Co-founder questions. - tahir

After reading PG's articles, and similar advice on the OnStartups blog, I am convinced of the value of a co-founder. But having a co-founder raises some questions, and I am wondering how other people have dealt with these issues.<p>1) I came up with the initial idea for my startup, and even did some ground work. Should I still give my co-founder a 50% share of the company? If not, what's a good way to think about allocating shares to a co-founder?<p>2) With two co-founders, should all decisions related to product development, funding, exit strategy etc., be consensus decisions, or can I assert a special decision-making privilege, by virtue of being the 'first' co-founder.
======
qhoxie
To me these both address the same issue. I have heard a lot of different takes
on this situation, and I myself have dealt with it.

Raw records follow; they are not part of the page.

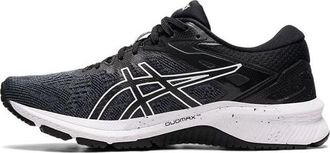 Asics (WMNS) ASICS GT-1000 10 Wide Black White 1012A879-004
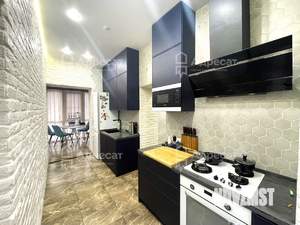 Дом 57м², 1-этажный, участок 7 сот.  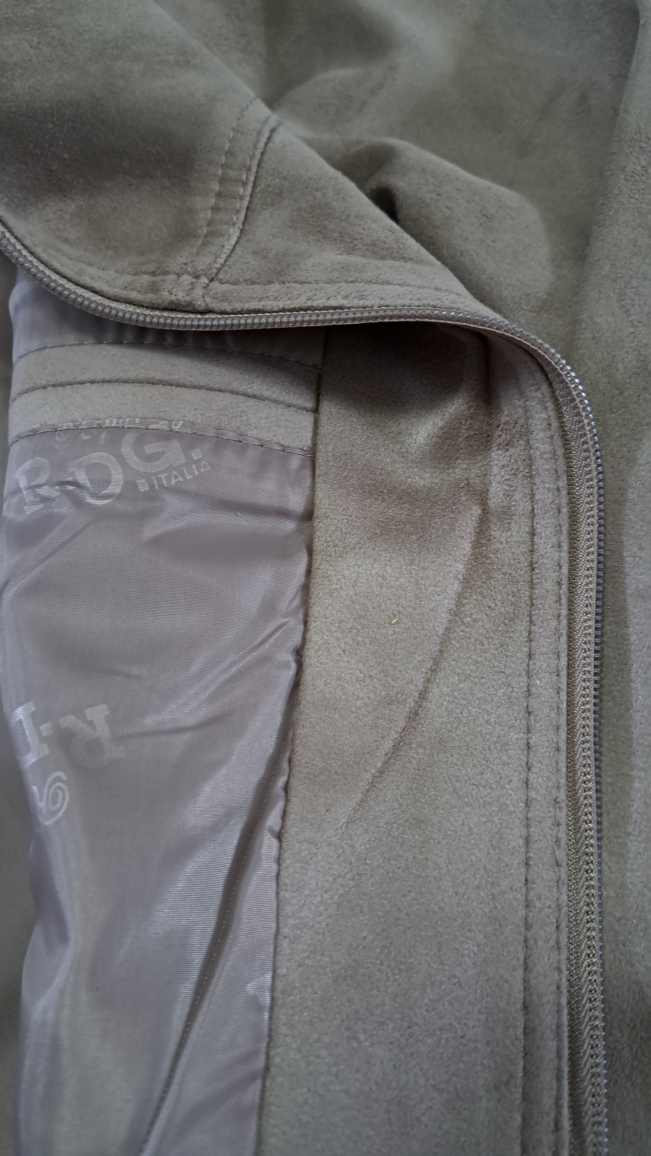 New Men Jacket - photo 3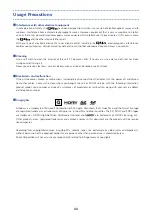 Preview for 44 page of Zoom Q4n User Manual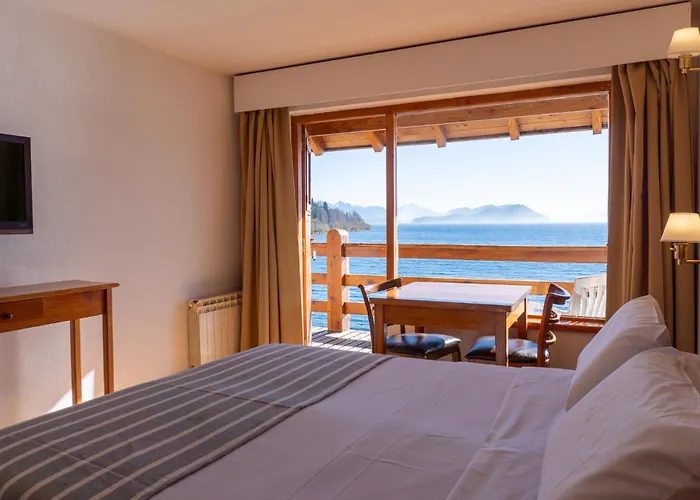 Apart Del Lago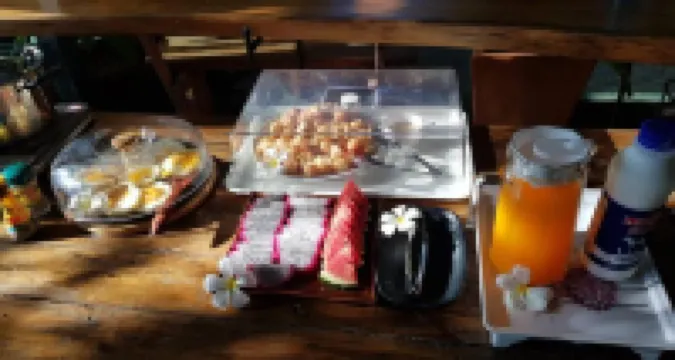 เดอะ พาร์ค อยุธยา รีสอร์ท แอนด์ สปา โรงแรมในพระนครศรีอยุธยา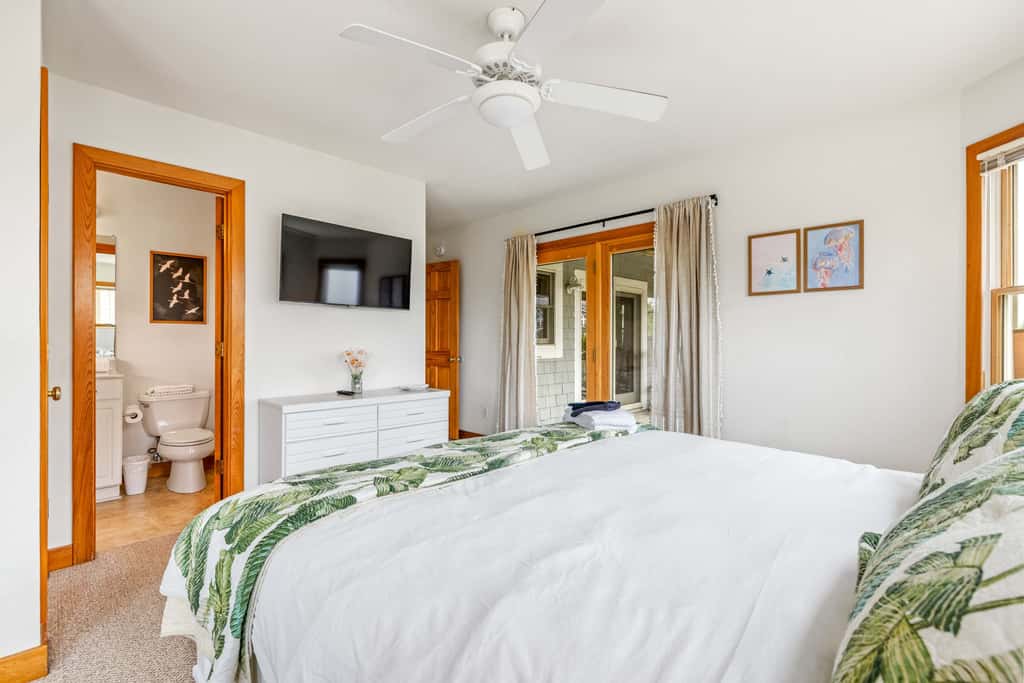 Sojourn 6BD Semi Oceanfront, Pool, Hot Tub, Views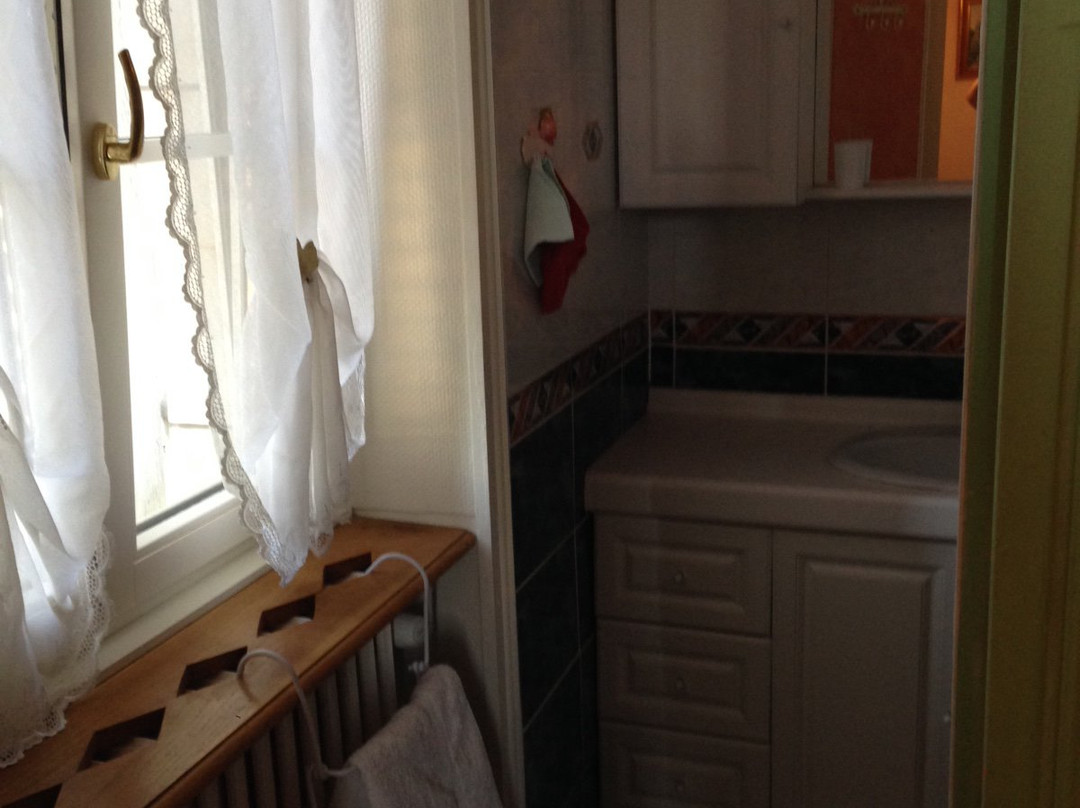 A la Thuilerie des Fontaines主图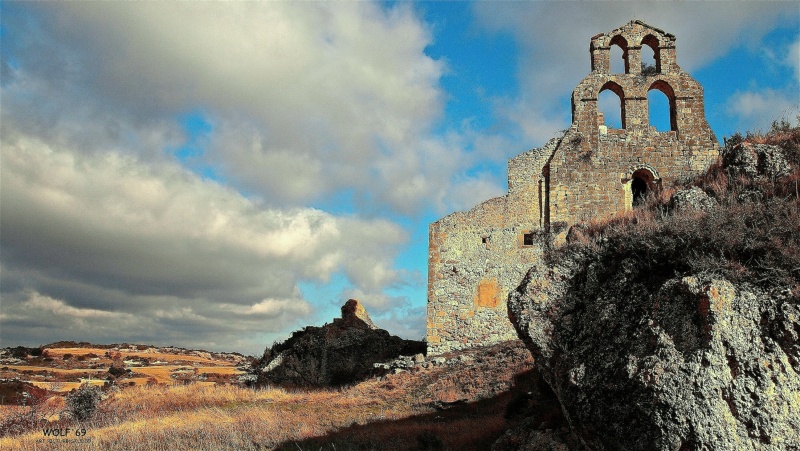 Aus der Serie "Fortress"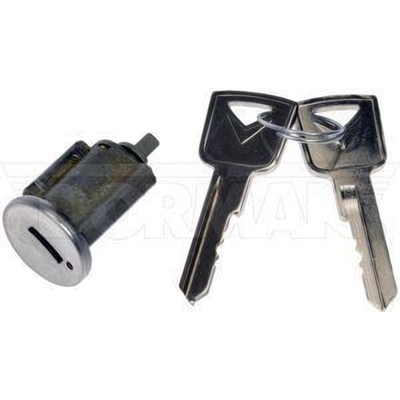 DORMAN (OE SOLUTIONS) - 926-068 - Ignition Lock Cylinder pa4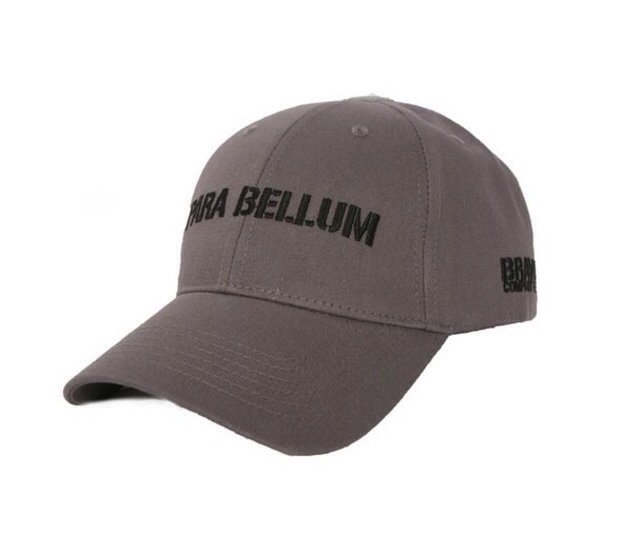 Para Bellum Cover (Bravo Company USA, HAT) - Gray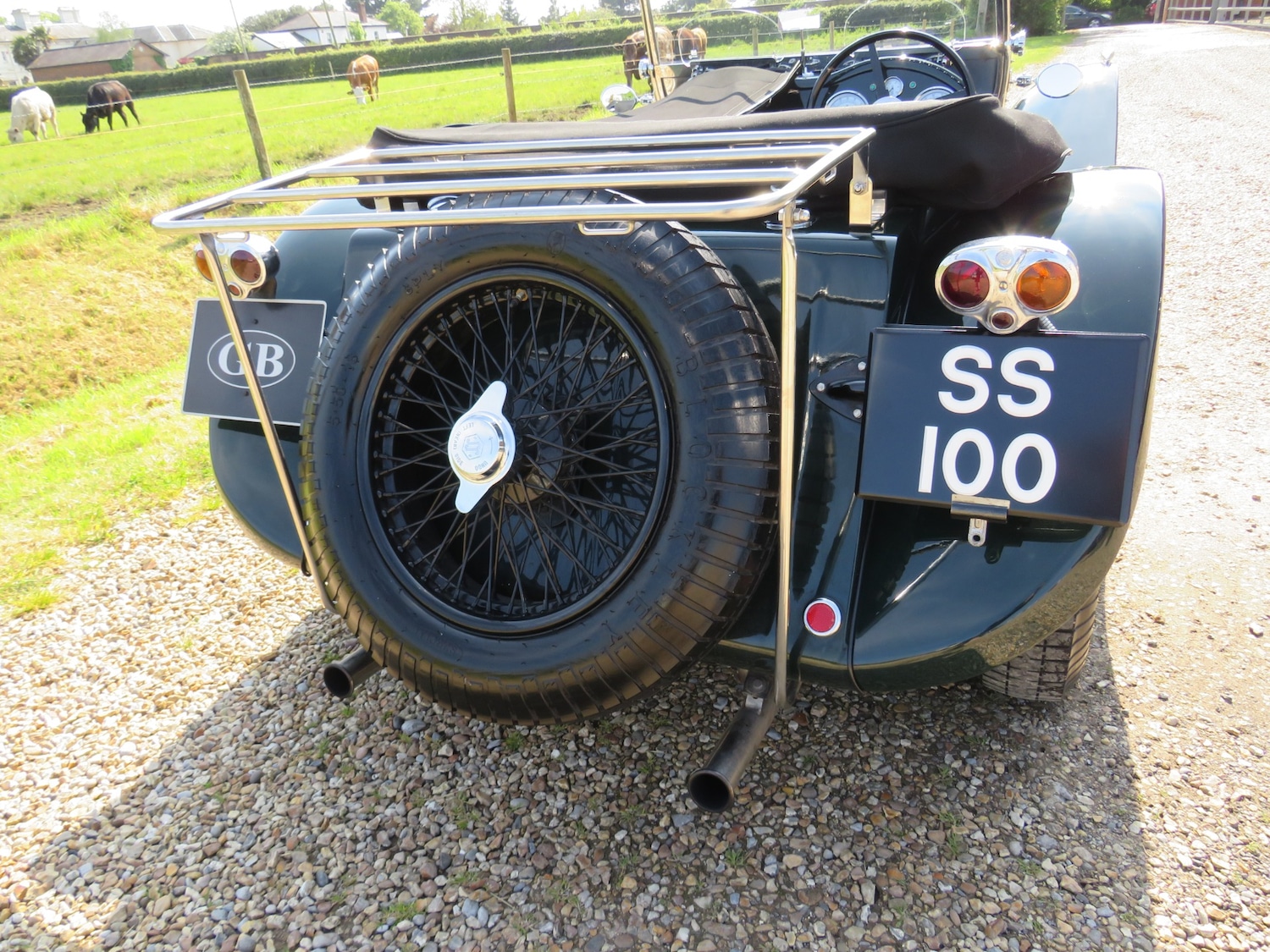 Vehicle 47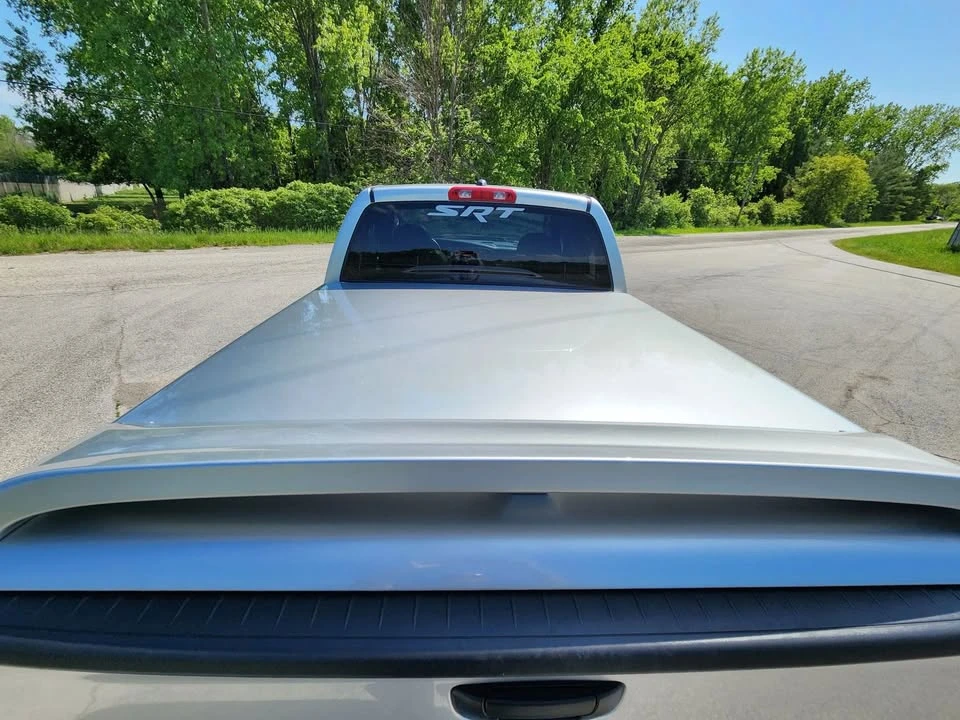 2005 Dodge Ram SRT-10 3rd Gen - Image 13 of 19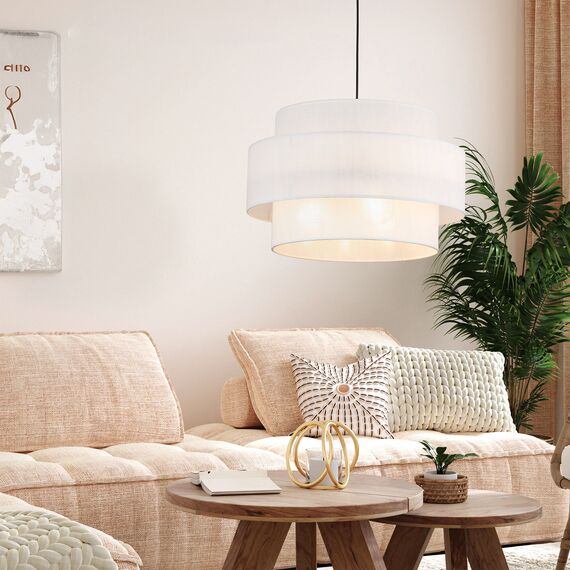 TK Lighting a068441 5363 Подвесной светильник Calisto, изображение 2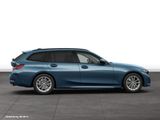 BMW 318d Touring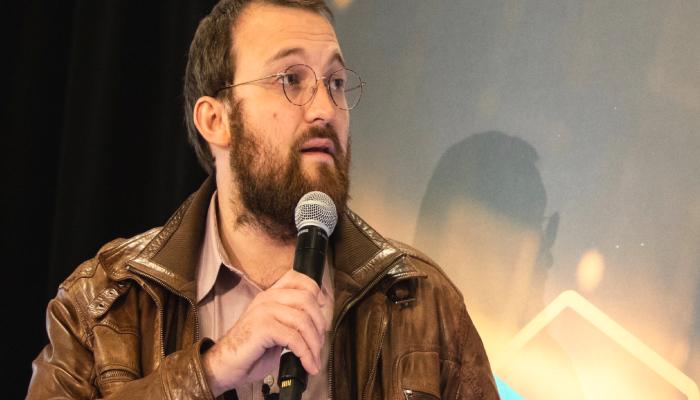 Cardano Kurucusu Hoskinson, UST’nin Çöküşü Hakkında Konuştu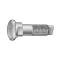 Brake Shoe Anchor Pin - 1/2 X 20 Thread - Commercial Truck 122 Inch Wheelbase - 3/4 Ton Truck Front & Rear - 1 Ton Truck Front Only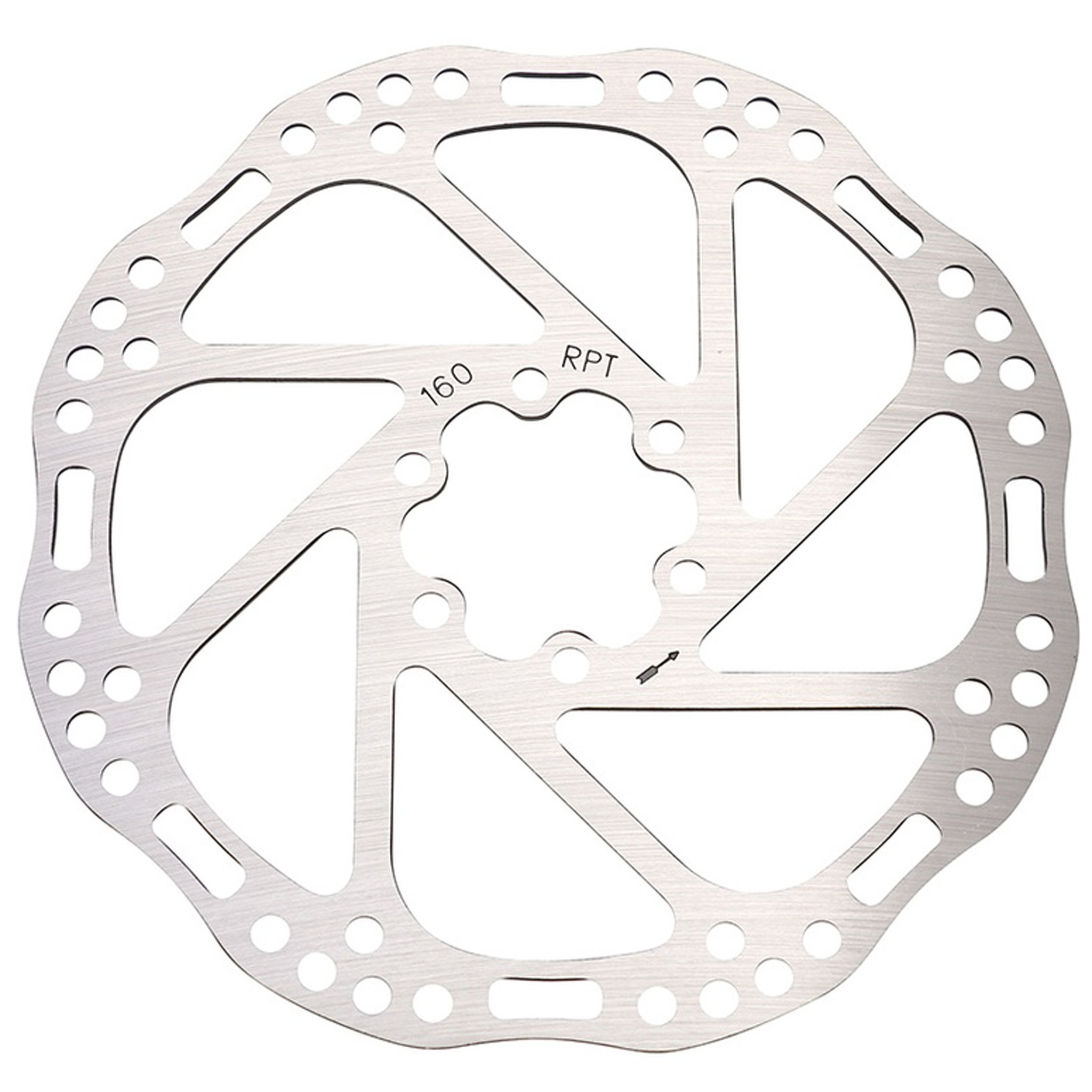 Yokozuna R2 Disc Brake Rotors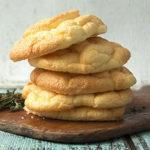 Keto Cloud Bread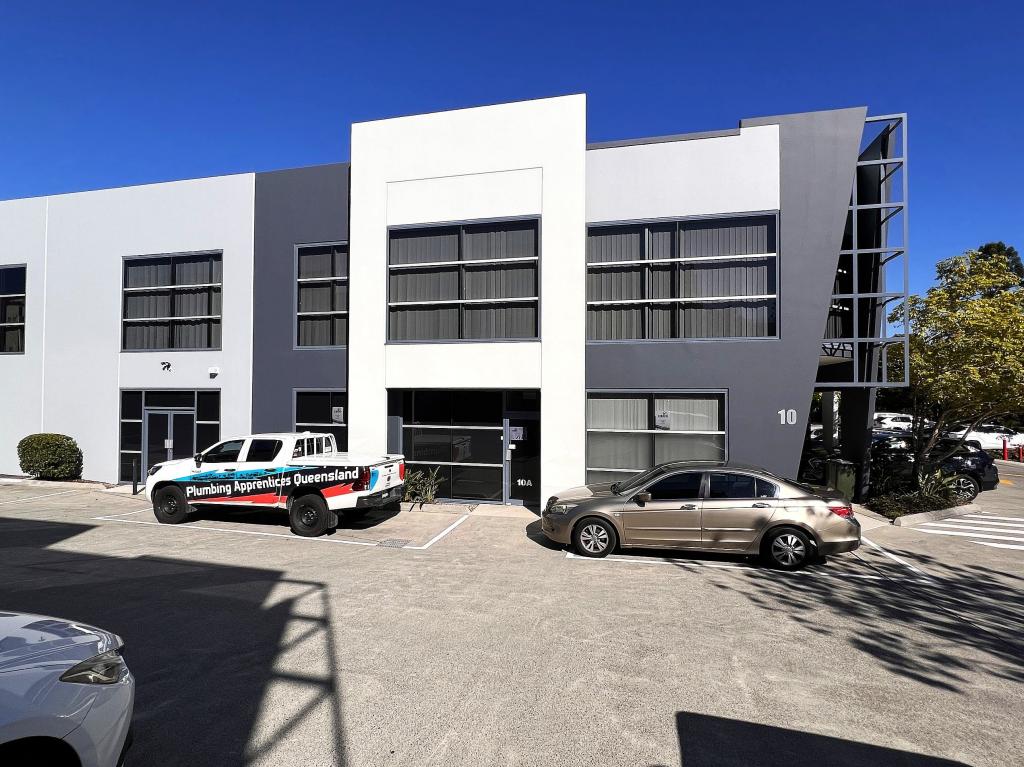 10a/58 Metroplex Ave, Murarrie, QLD 4172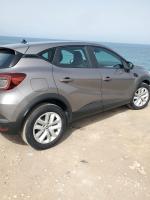 voitures-renault-captur-2022-ain-taya-alger-algerie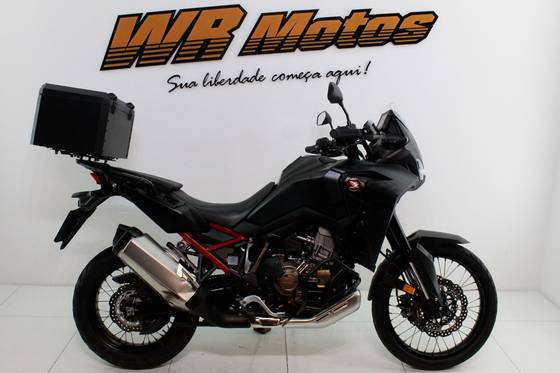 HONDA CRF 1100L AFRICA TWIN DCT HONDA CRF 1100L AFRICA TWIN DCT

1) You should both get 50%. This is just my opinion, but it applies well to
most scenarios. Having an unequal allotment causes lots of motivational and
mentality issues for founders. This is the last thing a venture needs in the
turbulent early stages. It generally leads to better dedication and like
minded decisions between to two people.

A positive way to look at it would be this: by giving up, say 10% more than
you wanted to, the company has a better shot at success through two absolutely
driven founders.

2) This draws from the same motivation as the first. Cofounders lose value
quickly if one person always has the final word. You want them there to even
things out. Disagreements are to be expected and the process of compromise is
what makes the best decisions in many cases. Two minds working toward the same
goal are usually helpful, even if they are not always striking a chord.

------
alex_c
I think it boils down to: do you want an employee for "your" (singular) start-
up, whom you will pay (at first) in shares, or do you want a co-founder for
"your" (plural) start-up?

I think either choice is valid, if you can find the right person. But you
should decide how much control you want to keep for yourself, and what that
implies for the other person's motivation and initiative.